A followup on my most recent post:
Without any direct knowledge, last Friday I questioned whether the Wilpon family knew -- or "should have known", as Madoff bankruptcy trustee Irving Picard has asserted -- that Madoff's investment scheme was too good to be true. Picard is claiming that, since they were sophisticated investors, they should have known, and therefore should be required to give back up to $1 billion of the profits they earned over the years with Mr. Madoff.
Is it fair, I asked, to assume that because you "should have known" -- without any actual evidence that you did know -- that a fraud was being perpetrated, you should be denied protection offered to those, less sophisticated investors, who were also defrauded?

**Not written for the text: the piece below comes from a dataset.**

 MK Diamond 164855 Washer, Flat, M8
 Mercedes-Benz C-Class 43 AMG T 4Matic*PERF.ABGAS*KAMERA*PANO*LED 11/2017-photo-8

In yesterday's New York Times, Diana B. Henriques reported on a series of interviews she has conducted with Bernie Madoff in prison (and which will serve as the basis of an upcoming book).
In the article, Madoff insists that the Wilpons, like his own family members, "knew nothing."
On the other hand, he said, various (unnamed) banks and hedge funds that did business with the Madoff investment business "had to know... But the attitude was sort of, 'If you're doing something wrong, we don't want to know.'"
Given role of the banks and hedge funds in the 2009 financial meltdown, many of us may find that quite easy to believe.
But ... just how far can we trust what Bernie Madoff says now? Even if you believe, as I do, that regulators were asleep at the switch, having been given several warnings that not everything at Madoff's firm was on the up-and-up, you have to acknowledge that Madoff was a masterful manipulator of people and the truth. Why should we believe him now?